PROBLEM DESCRIPTION:
Line for line, return the data exactly, omitting all pictures.

MATERIAL PROVIDED:
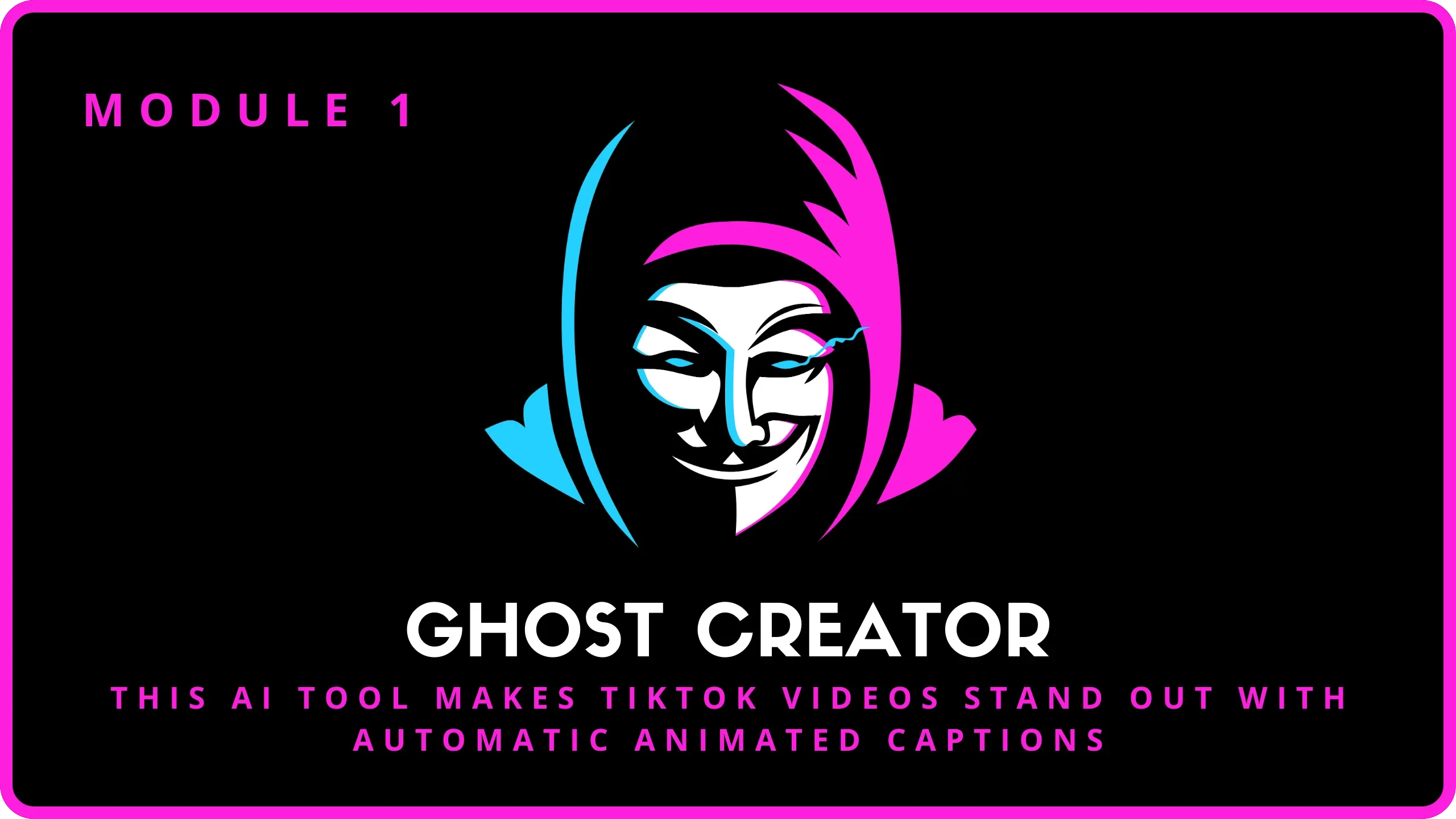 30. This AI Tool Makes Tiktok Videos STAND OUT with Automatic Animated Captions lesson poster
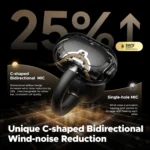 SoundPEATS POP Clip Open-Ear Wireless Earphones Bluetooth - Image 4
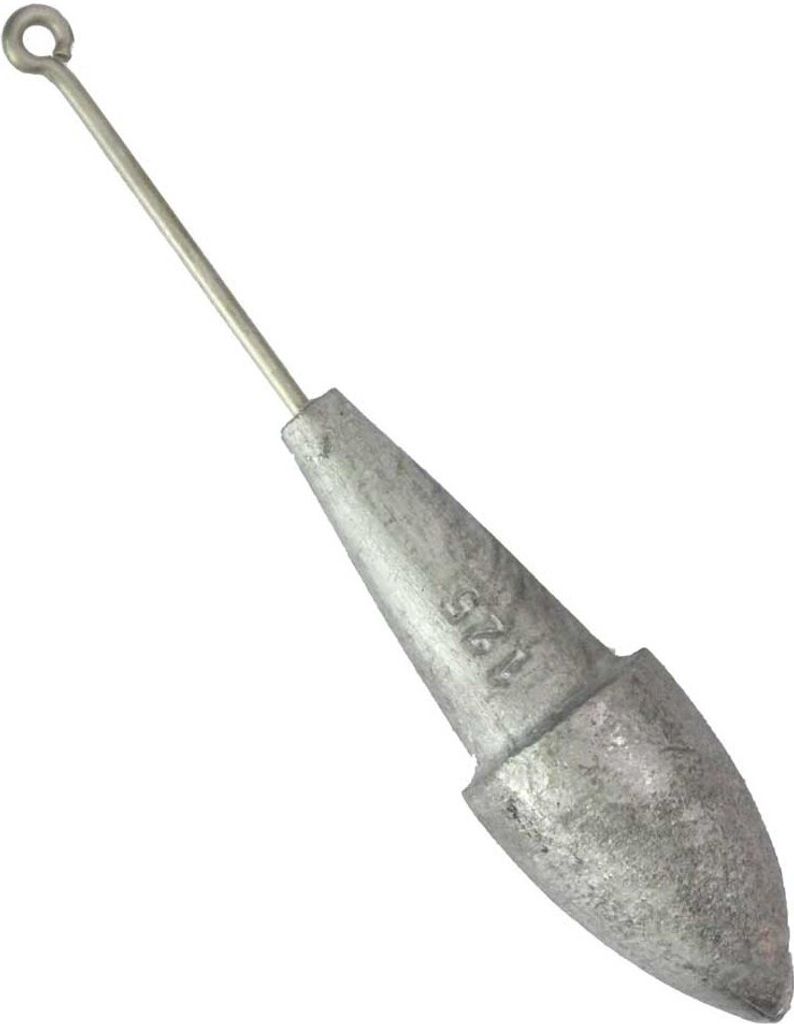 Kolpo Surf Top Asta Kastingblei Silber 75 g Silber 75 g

TASK ANSWER:
 30. This AI Tool Makes Tiktok Videos STAND OUT with Automatic Animated Captions lesson poster
 SoundPEATS POP Clip Open-Ear Wireless Earphones Bluetooth - Image 4
 Kolpo Surf Top Asta Kastingblei Silber 75 g Silber 75 g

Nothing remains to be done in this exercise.